Romney as Kerry Redux

A wealthy politician from Massachusetts saddled with accusations of unprincipled flip-flops runs for the Presidency.  He touts one salient attribute of his biography as the main underpinning of his campaign to defeat the incumbent President.  And he earns his party's nomination due to his perceived electability.  John Kerry circa 2004, you say?  Try Mitt Romney, ersatz John Kerry for the Republicans in 2012. 

Despite the media's portrayal, President Obama is ripe to be beaten, as hope and change have transformed into despair and unending unemployment lines.  The poll numbers bear this out as only 30% of voters are certain to vote again for the President.  The poor economy has finally begun to drag the President's numbers down and boost the head-to-head polling of Mitt Romney.    

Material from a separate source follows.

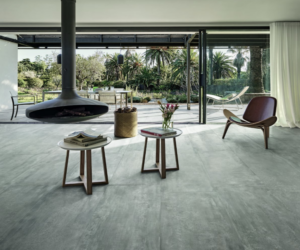 5 Creative Ways to Style Your Home with Concrete Look Tiles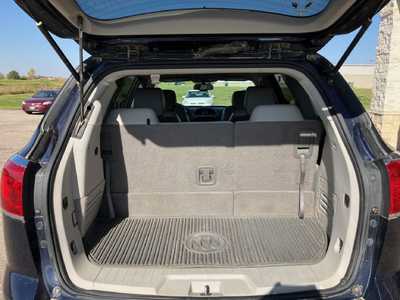 2017 Buick Enclave, $11995. Photo 9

A direct Romney/Kerry comparison has its limitations, chiefly, the state of the economy could not be more different between 2004 and the present.  However, you can begin to see a parallel in the declining approval ratings of President Bush in early 2004 when the country began to question the wars in Iraq and Afghanistan.  Enter the idea of Senator Kerry's electability, based in large measure on the idea that his military service provided an aura of expertise regarding the nation's involvement in two wars while simultaneously inoculating the Democratic ticket from attacks about being weak on defense. 

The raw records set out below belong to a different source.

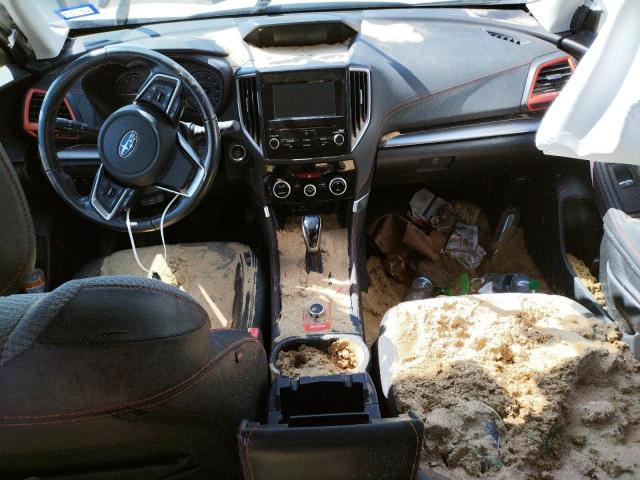 JF2SKAJC8KH575700 Subaru Forester Sport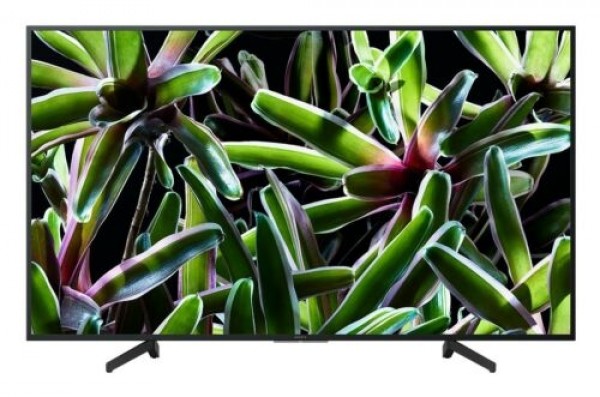 TV 55" SONY KD-55XG7096 LED 4K UHD SMART WIFI USB HDMI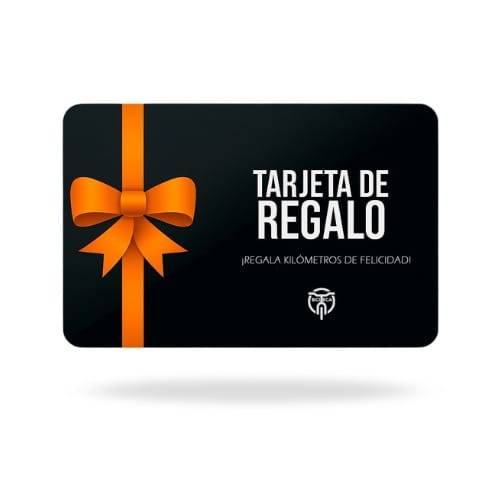 Tarjeta regalo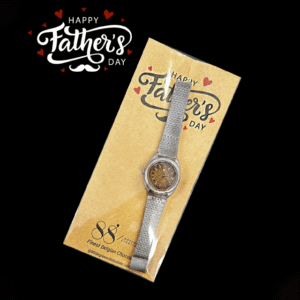 Father's Day Watch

Fast forward to 2012.  Swap Romney for Kerry and trade the military experience for business and the comparison gains strength.  Romney sells his business acumen as the primary reason for choosing him to be the GOP standard-bearer.  His success in saving the Winter Olympics in Utah and creating jobs in business are both made to order recipes for victory in these times of out-of-control spending and high unemployment.  So what's the problem you say?  For starters, RomneyCare, the seed of ObamaCare.

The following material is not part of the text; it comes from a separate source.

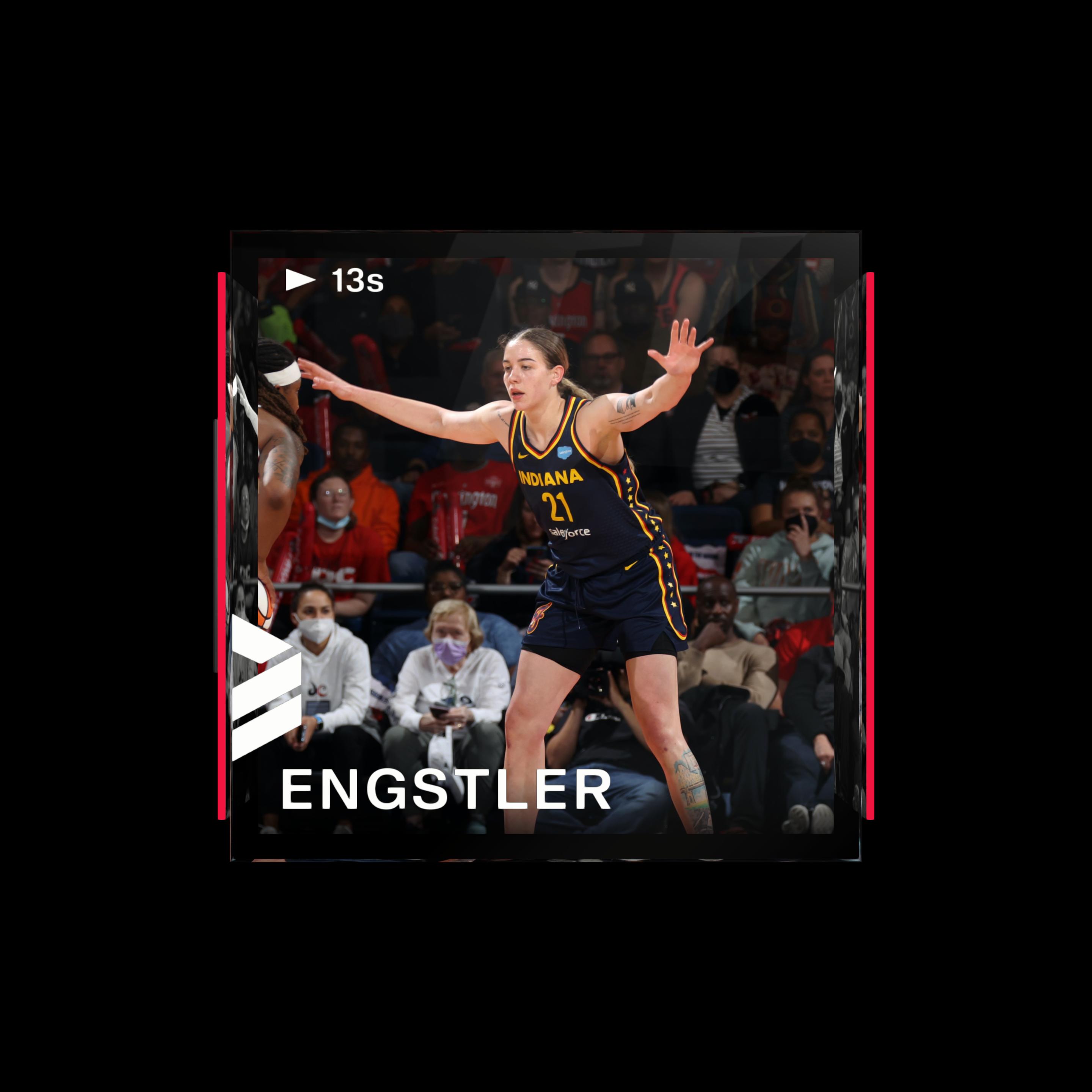 Emily Engstler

Romney's decision to saddle the businesses and citizens of Massachusetts with crippling health care costs weakens his argument for his business savvy, just as Senator Kerry's military service was questioned by his post-Army defamation of those who had served honorably in Vietnam.  Conservatives wandering the desert in search of their candidate for 2012 may want to look past the surging poll numbers and nebulous electability factor and focus on the conservative who can take the fight to a weakened President. 

Romney's primary strength, like Kerry, carries with it his fatal weakness that leads to his penchant for waffling on issues.  Both Kerry and Romney struggled in answering issues ranging from abortion to gay rights, and never managed to provide the impression that they stood for anything other than the principles that would lead most directly to the White House.  Conservatives are wary as liberals were about Kerry and may wonder about where Romney would stand as President.  Voters believing in his electability must ignore the flip-flops and RomneyCare cudgel and fool themselves into buying the idea that liberals or left-leaning independents will stay away from President Obama on Election Day.

The belief that Romney may appeal enough to independents who lean left or that liberals may stay home on election day because Romney may not appear too conservative is akin to the Kerry appeal that he would bring home enough moderates against President Bush to defeat him in 2004.  Liberals will be sure to rally to President Obama once Romney is painted with the broad brush of being an indecisive flip-flopper as well as a businessman who implicitly endorses government-run health care.  Because Romney inspires neither conservative allegiance nor crossover appeal, he is a hobbled candidate from the beginning, much like Senator Kerry was in his effort to unseat President Bush.

Being unpopular alone will not lead to President Obama's early retirement in 2012.  The electorate generally leans toward the devil they know versus the devil they don't when contemplating whom to choose for President.  An appeal to voters based primarily on voting against the incumbent rather than for the opponent failed Senator Kerry.  If Mitt Romney hopes to be the next President, he must overcome many of the same problems that affected Kerry, as he won't win a protest vote against the incumbent.  Ultimately, both conservatives and the nation need a candidate they can feel comfortable believing in rather than being solely against President Obama.